The virus has 3 single-stranded negative-sense RNA segments, large (L), medium (M), and small (S) (1). The Haemaphysalis longicornis tick is widely considered to be the primary transmission vector (7), but the natural animal hosts of SFTSV remain uncertain. Despite the high seroprevalence observed in various domestic animals in SFTSV-endemic regions, such as goats, cattle, dogs, pigs, chickens, and rodents, many of those animals do not show notable symptoms. Those infections were plausibly a result of SFTSV transmission from infected ticks (8).

We describe an outbreak of SFTS on a mink farm situated in Shandong, China. During late May through early July, 2022, >1,500 minks on this farm exhibited symptoms such as vomiting, diarrhea, and, in a small number, limb convulsions.
Most minks exhibiting clinical manifestations died of the disease (Figure 1, panel A). Clinical manifestations included loose stools, mesenteric lymph node enlargement, and hyperemia (Figure 1, panels B and C), consistent with typical enteritis symptoms. Treatment with multiple antibiotics was not effective, and mink enteritis virus infection was ruled out through testing with a colloidal gold immunochromatographic assay. Intestinal tissue samples from minks with diarrhea (n = 10) were collected and forwarded to the Harbin Veterinary Research Institute, Chinese Academy of Agricultural Sciences, Harbin, China, for testing.

(SNIP)
 
Previous research has shown the presence of antibodies to the nucleoprotein of SFTSV in farmed minks and suggested that minks were infected with SFTSV in China (10). In this study, we successfully isolated and identified an SFTSV isolate, named SD01/China/2022, in farmed minks in China. 

The symptoms of farmed minks in this case were consistent with SFTS symptoms, such as gastrointestinal disorders and central nervous system manifestations, which proved the occurrence of natural SFTSV infection–related fatalities in this population. Our findings reveal the threat of SFTS to the fur animal–breeding industry.

Of note, phylogenetic analysis of the isolate indicated high homology with SFTSV strains in humans, suggesting that the viruses generally infected both humans and minks, further supporting the potential role of farm minks in maintaining SFTSV.
Farmed minks have potential for direct contact with humans and might serve as crucial amplifying hosts in the transmission of SFTSV. Further analysis of SFTSV infection in other captive fur animals, such as raccoon dogs and foxes, will be required to determine other key reservoirs for SFTSV. We recommend a focus on the registration of mink exposure for humans with SFTS-like illnesses, as well as increased measures to reduce SFTSV exposure risk.

Ms. Wang is a PhD candidate at Harbin Veterinary Research Institute, Chinese Academy of Agricultural Sciences, Harbin, China.
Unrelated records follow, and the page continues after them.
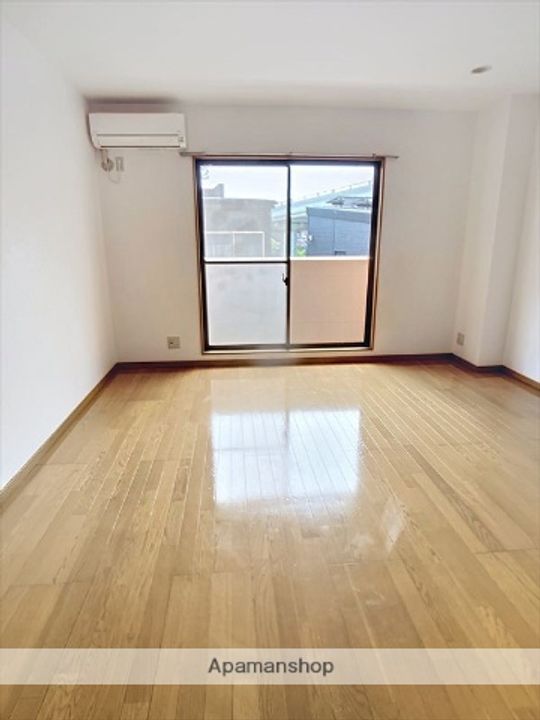 サンシャインあおみの居間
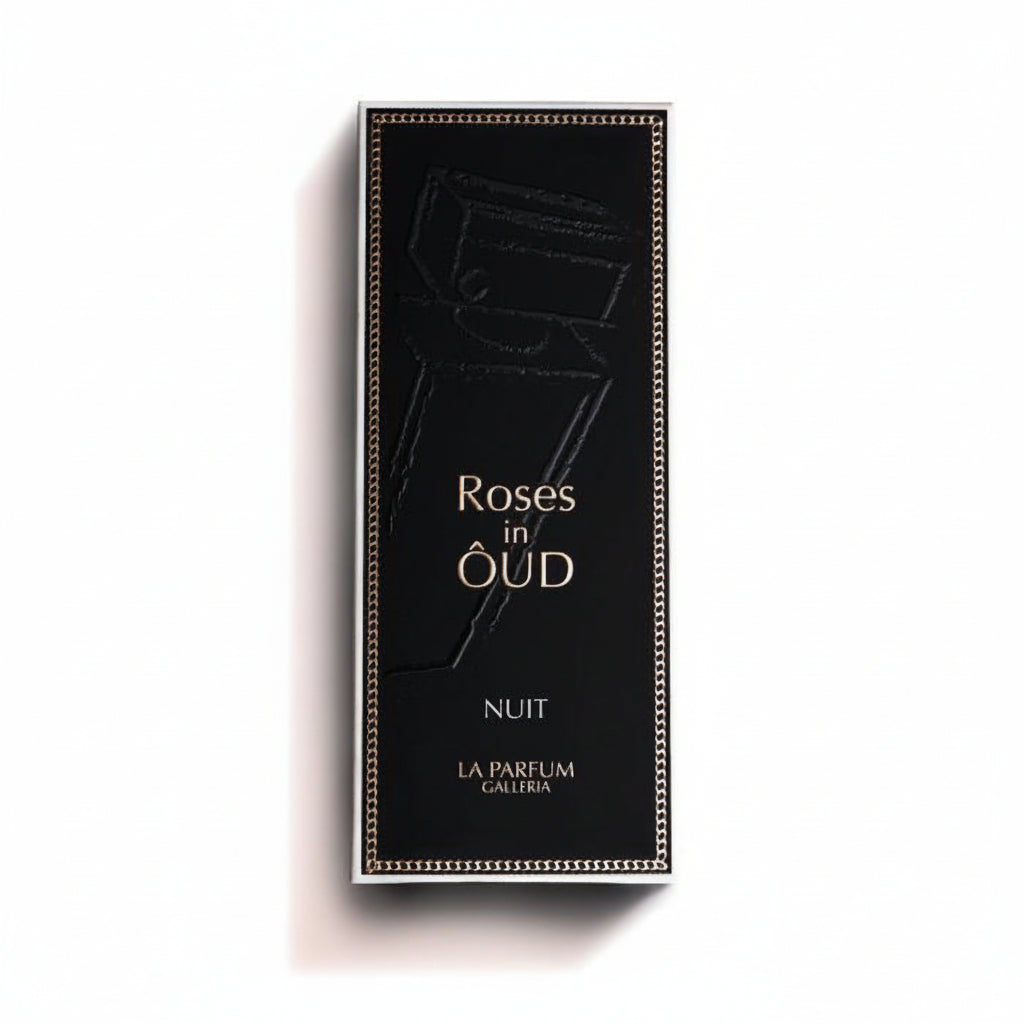 La Parfum Galleria Roses in Oud 100ml - Apa de Parfum Unisex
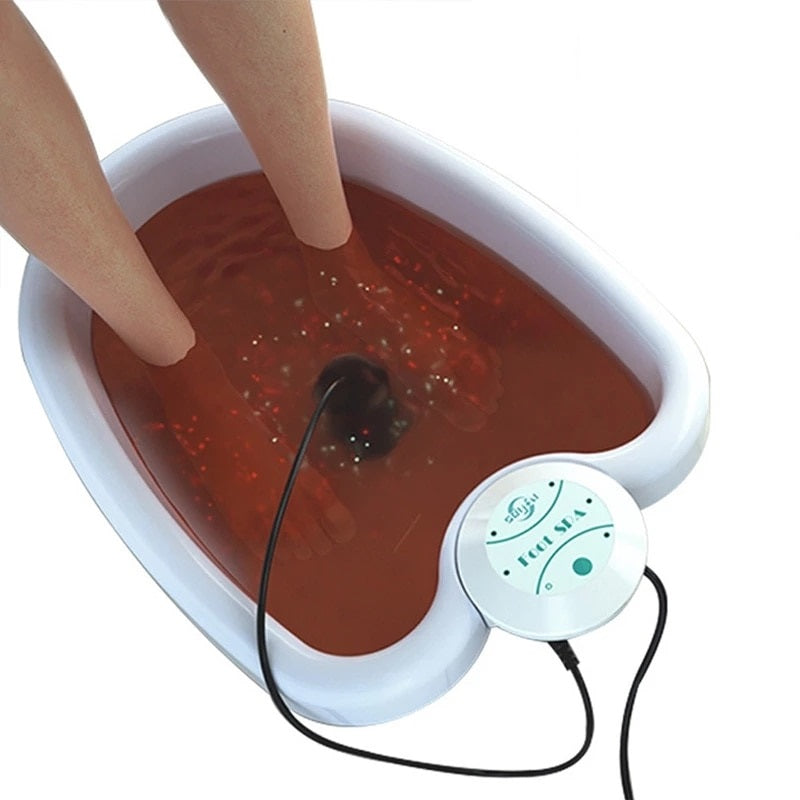 Boutique Bidet Portable Bain de Pied Recharge pour Bain Détox
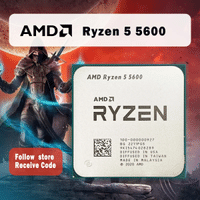 Imagem da oferta Processador AMD Ryzen 5 5600 3.4Ghz - Internacional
Her primary research interests focus on the host–pathogen interactions of tickborne viruses. Dr. Yang is a research associate at Harbin Veterinary Research Institute, Chinese Academy of Agricultural Sciences, Harbin, China. His research interests focus on phylogeny, virology, and molecular epidemiology, especially for tickborne viruses.


Admittedly SFTS resides pretty far down our worry list, but over the past 3+ years we've seen a mutated COVID variant emerge and spillover into humans from mink, and last week we saw a risk analysis on a more transmissible mink-derived H5N1 virus, both illustrating the dangers inherent in fur farming. 

There is, however, a sizable gap between recognizing a problem and fixing it. 

We've long known of the dangers of live markets in Asia, and the bush meat trade in Africa, yet they both continue to thrive.  To be fair, we aren't exactly setting a great example with testing of dairy cattle (and other livestock) for H5N1 here in the United States. 

Hard decisions are, well . . . hard. 

But they are likely to be far less difficult than the ones that come with another pandemic.